_WHAT THIS TASK INVOLVES_. The answer should be every line below, repeated exactly, with the images left out.

SUPPLIED INFORMATION: Begin

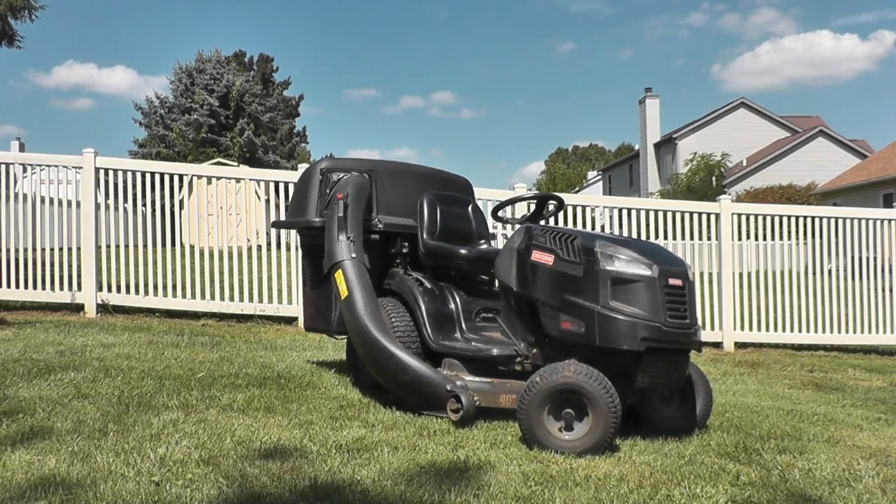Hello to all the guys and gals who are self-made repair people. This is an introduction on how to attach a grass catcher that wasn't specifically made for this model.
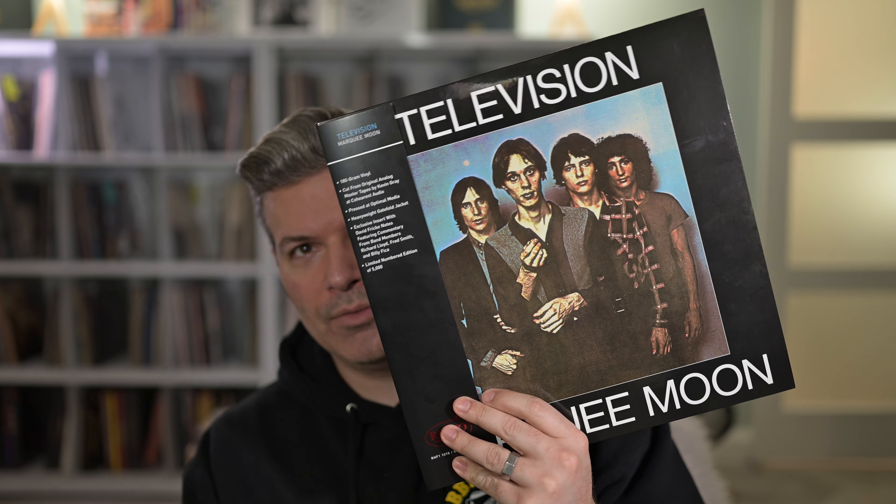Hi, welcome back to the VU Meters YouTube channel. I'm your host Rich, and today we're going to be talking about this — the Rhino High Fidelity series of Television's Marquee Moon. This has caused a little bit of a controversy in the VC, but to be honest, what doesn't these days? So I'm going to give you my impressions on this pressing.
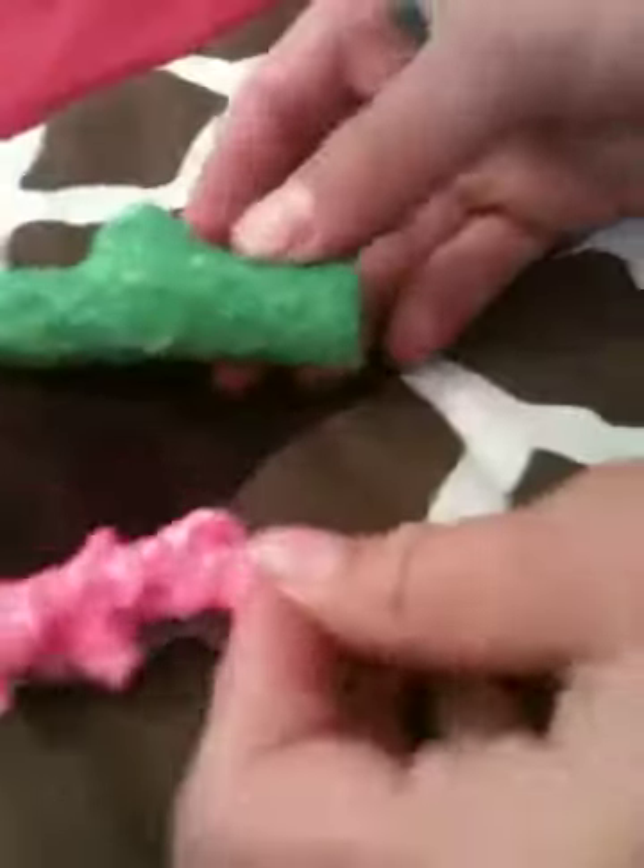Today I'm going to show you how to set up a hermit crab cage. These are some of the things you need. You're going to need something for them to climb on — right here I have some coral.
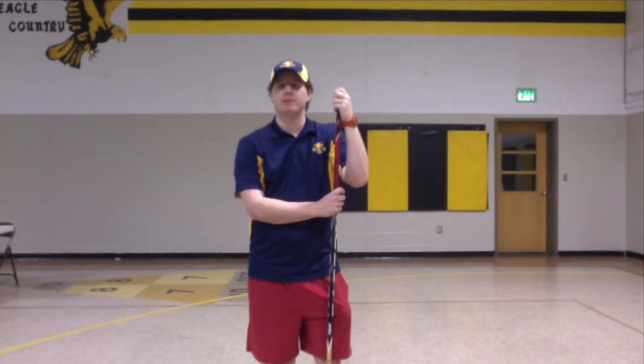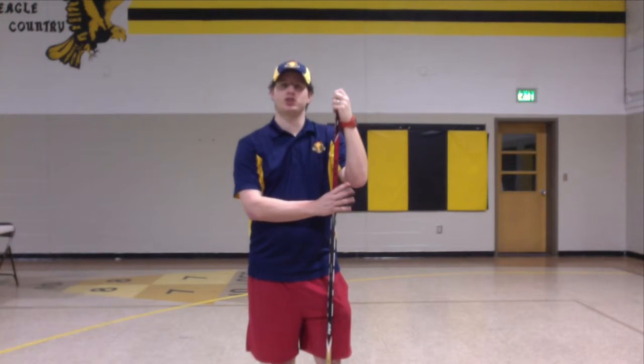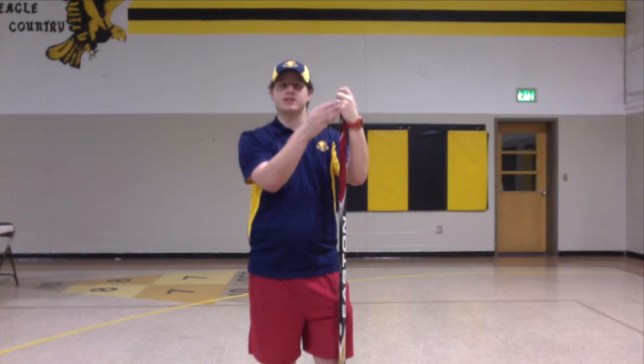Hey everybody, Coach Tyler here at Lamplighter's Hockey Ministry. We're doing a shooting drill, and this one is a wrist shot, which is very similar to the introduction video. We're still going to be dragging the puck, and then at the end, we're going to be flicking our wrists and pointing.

SUPPLIED INFORMATION: End

_ANSWER_.
Hello to all the guys and gals who are self-made repair people. This is an introduction on how to attach a grass catcher that wasn't specifically made for this model.
Hi, welcome back to the VU Meters YouTube channel. I'm your host Rich, and today we're going to be talking about this — the Rhino High Fidelity series of Television's Marquee Moon. This has caused a little bit of a controversy in the VC, but to be honest, what doesn't these days? So I'm going to give you my impressions on this pressing.
Today I'm going to show you how to set up a hermit crab cage. These are some of the things you need. You're going to need something for them to climb on — right here I have some coral.
Hey everybody, Coach Tyler here at Lamplighter's Hockey Ministry. We're doing a shooting drill, and this one is a wrist shot, which is very similar to the introduction video. We're still going to be dragging the puck, and then at the end, we're going to be flicking our wrists and pointing.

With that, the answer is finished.